»Ich kann es nicht mit nach Hause nehmen«, entgegnete sie leise, dann blickte sie auf. »Ich wohne im Haus meiner Tante, mein kleiner Neffe hat eine Katzenhaarallergie.« Sie zögerte, weil es ihr schwerfiel, diesen unnahbar wirkenden Mann um etwas zu bitten. »Könnte das Kätzchen nicht hierblieben? Zumindest so lange, bis ich eine eigene Wohnung gefunden habe?«
»Ich habe hier kein Tierheim!« herrschte er sie an.
»Herr Dr. Sattler, bitte…«, begann Sophie, doch als der Mann einen Schritt in ihre Richtung machte, wich sie unwillkürlich zurück. Doch er nahm ihr nur das Kätzchen ab.
»Gehen Sie!« verlangte er barsch.
Sophie zögerte. Sie wollte fragen, ob sie das Kätzchen besuchen dürfte… ob sie es abholen könnte, wenn sie eine Wohnung gefunden hätte, doch sie wagte nicht, den Mann noch einmal anzusprechen.
»Danke«, murmelte sie nur, dann verließ sie die Tierarztpraxis. Draußen atmete sie erst einmal tief durch, und dabei fiel ihr ein, daß er für die Behandlung des Kätzchens gar nichts verlangt hatte. Sophie blickte zu der geschlossenen Tür zurück, doch allein der Gedanke, die Praxis noch einmal zu betreten, flößte ihr Angst ein.
Trotzdem ging ihr der junge Mann nicht mehr aus dem Kopf. Jede Bewegung, jedes Wort, das er gesprochen hatte, ließ sie in Gedanken noch einmal in sich nachklingen. Dr.
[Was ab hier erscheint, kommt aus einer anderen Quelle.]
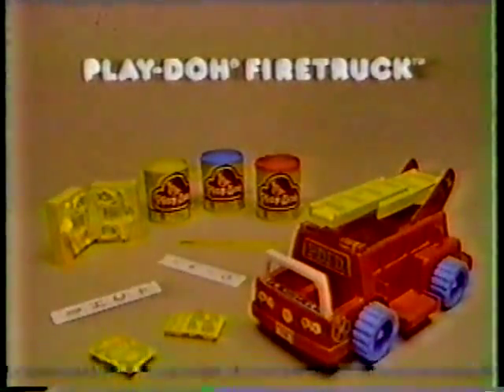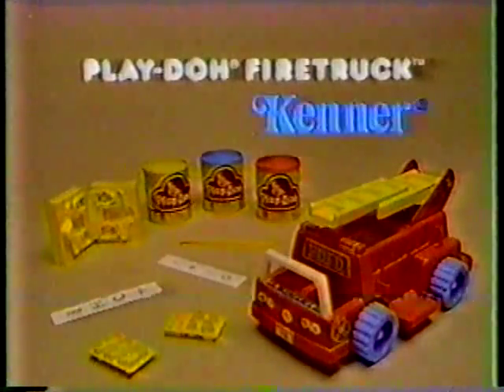The Play-Doh firetruck toy comes with everything you see here. New from Kenner.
Daniel hatte nicht übertrieben. Dieser Dr. Sattler war ruppig… nein, er war richtig grob gewesen – zu ihr. Das Kätzchen dagegen hatte er sanft und liebevoll behandelt.
»Was für ein faszinierender Mann«, murmelte Sophie vor sich hin, und dabei wurde ihr bewußt, daß sie seit Betreten der Tierarztpraxis nicht mehr an Peter gedacht hatte. Bisher hatte sie der Gedanke an ihn praktisch ständig begleitet – sogar bei der Arbeit. Doch die Begegnung mit Dr. Sattler war für sie ein so einschneidendes Erlebnis gewesen, daß für Peter kein Platz mehr in ihrem Kopf gewesen war.
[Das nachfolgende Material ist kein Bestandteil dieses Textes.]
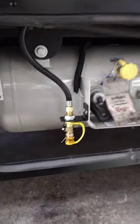Short line teed into the propane right after the regulator. This is, in my opinion, as clean as it can get. If you need anything like this, this is Robbie with Sewell Motor Coach.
Ohne genau zu wissen weshalb, lenkte Sophie ihre Schritte zu Dr. Daniels Praxis. Sein Auto stand vor der Garage, also mußte er in der Waldsee-Klinik schon fertig sein. Trotzdem zögerte Sophie, bevor sie auf den Klingelknopf drückte. Konnte sie den vielbeschäftigten Arzt um diese Zeit noch stören? Sicher, in den letzten Wochen hatten sie viele Gespräche miteinander geführt, dennoch war sie doch eigentlich nicht mehr als eine Patientin.
Schließlich drückte Sophie trotzdem den Klingelknopf neben dem Schildchen Privat, und es dauerte nur wenige Minuten, bis Dr. Daniel ihr öffnete. Er bedachte sie mit einem prüfenden Blick.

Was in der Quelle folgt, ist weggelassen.